CPR, ACLS, NRP, PALS - As a nurse, you are likely familiar with some, if not all, of these acronyms. Early in your career, you were taught the skills to resuscitate a patient in cardiac or respiratory arrest. Every few years, you attend a class to review and renew your certification.
But is it enough? If your patient suddenly coded, do you feel comfortable with the training you have received? Do you know how to initiate the Code Blue? Do you know where supplies are located in your crash cart? Do you know how to operate your portable suction machine?
What about the other members of your resuscitation team? Can you function as a smooth unit? What if the code occurs overnight, when less senior staff are present?
In Situ Simulation Benefits
More and more, research is demonstrating that the key to successful and ongoing resuscitation training for medical staff is through the use of simulation. Simulation of different patient scenarios allows providers to practice their skills hands-on, receive real time feedback, and improve team communication.
In particular, a method of training called in-situ simulation has shown some real promise. In-situ simulation means “training in place”, where the practice scenario occurs within the normal clinical environment. During these sessions, providers carry out the “resuscitation” on their own units, using the the supplies and resources that are typically available to them.
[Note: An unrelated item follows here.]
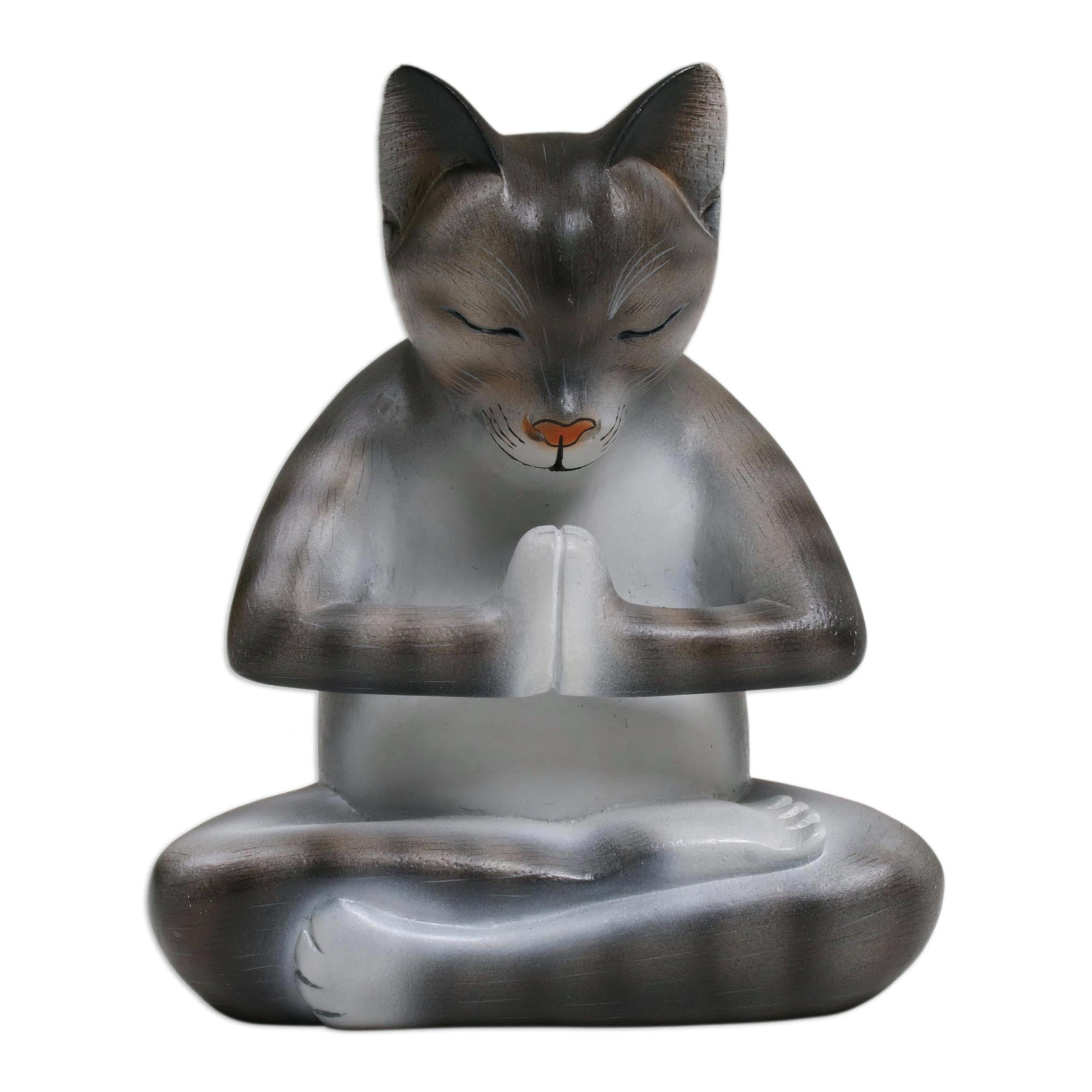 Premium Meditating Cat Sculpture in Grey & White – Handcrafted Suar Wood Art from Bali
Not only does this allow for providers to gain comfort in these situations, but it helps to identify knowledge gaps or technical issues that need to be addressed.
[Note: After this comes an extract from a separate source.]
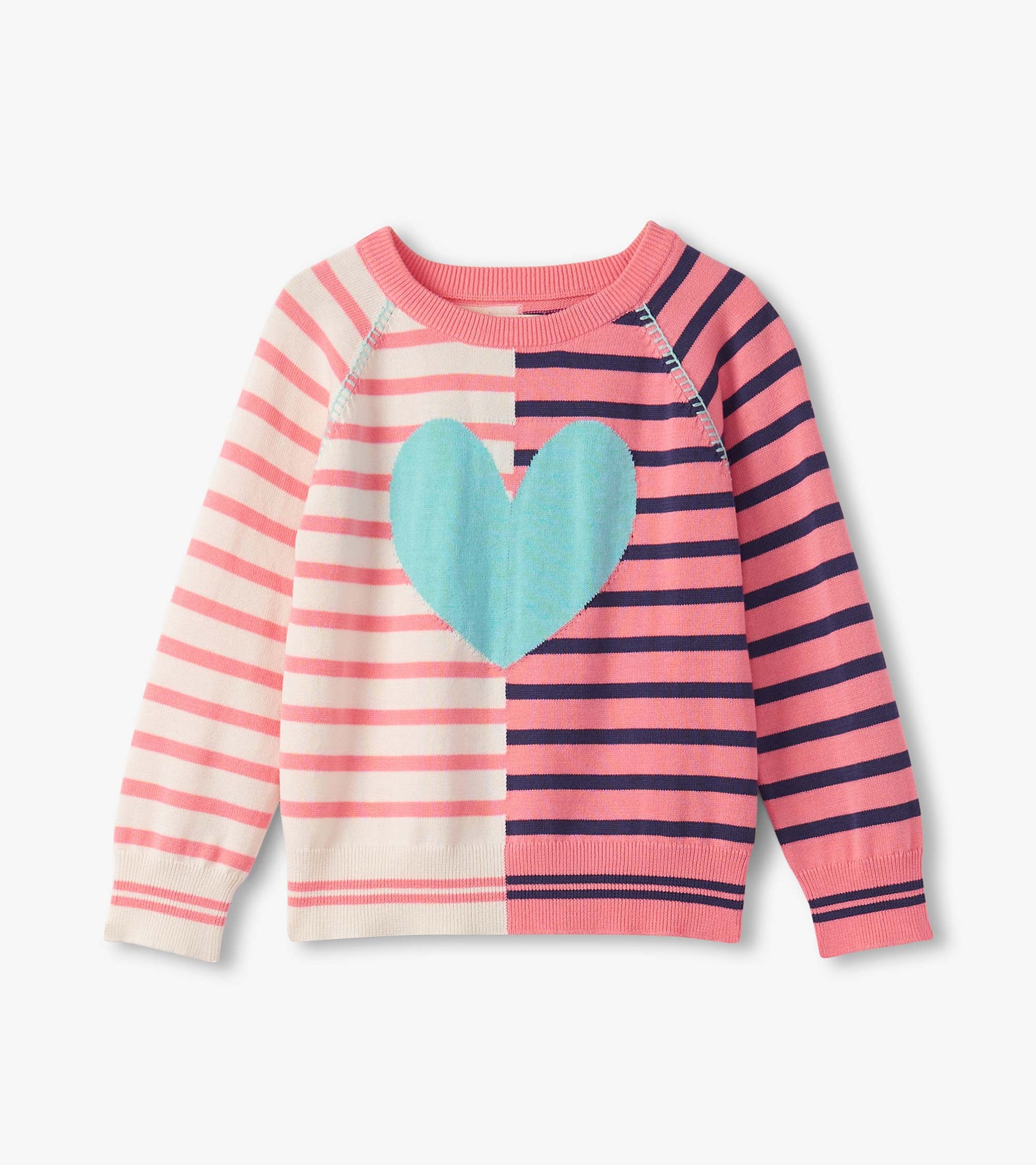 Colorful striped sweater featuring a large blue heart design, with long sleeves and a crew neckline.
Identifying Safety Threats
In the Agency for Healthcare Research and Quality February 2014 Newsletter, an article discussed the benefit of in-situ training for Cincinnati Children’s Hospital Medical Center. 64 unannounced simulations were conducted across various shifts over 21 months. Providers used the available code carts to handle the scenarios.
The simulations revealed 134 previously unrecognized safety threats. In some situations, crash carts were not properly stocked or available with needed supplies. As a result, the hospital now makes sure to stock every cart with portable suction, oxygen cylinders, and laryngeal mask airways. A medication error was also noted during their simulations, leading to a change in labelling and a system to double check medications.
Practice Makes Perfect
Additionally, giving providers this interactive learning opportunity has been shown to increase proficiency in handling high-risk scenarios. Watching a co-worker demonstrate how to use medical equipment or perform a skill will not produce the same level of learning as actually doing it yourself. Setting up a central line procedure tray, manipulating the dials on your portable suction machine, or performing chest compressions- physically performing tasks such as these during simulations will make them easier to carry out in a real code situation.
For example, in a study published in the Journal of Surgical Education, multidisciplinary trauma team members who experienced hands-on simulations showed a significant improvement in speed, teamwork and completion rates for handling resuscitations.
Continued exposure and practice is the key to safely and effectively manage resuscitations in your hospital. Mock codes and simulation scenarios are an excellent way to identify areas of weakness and gain familiarity with equipment and skills.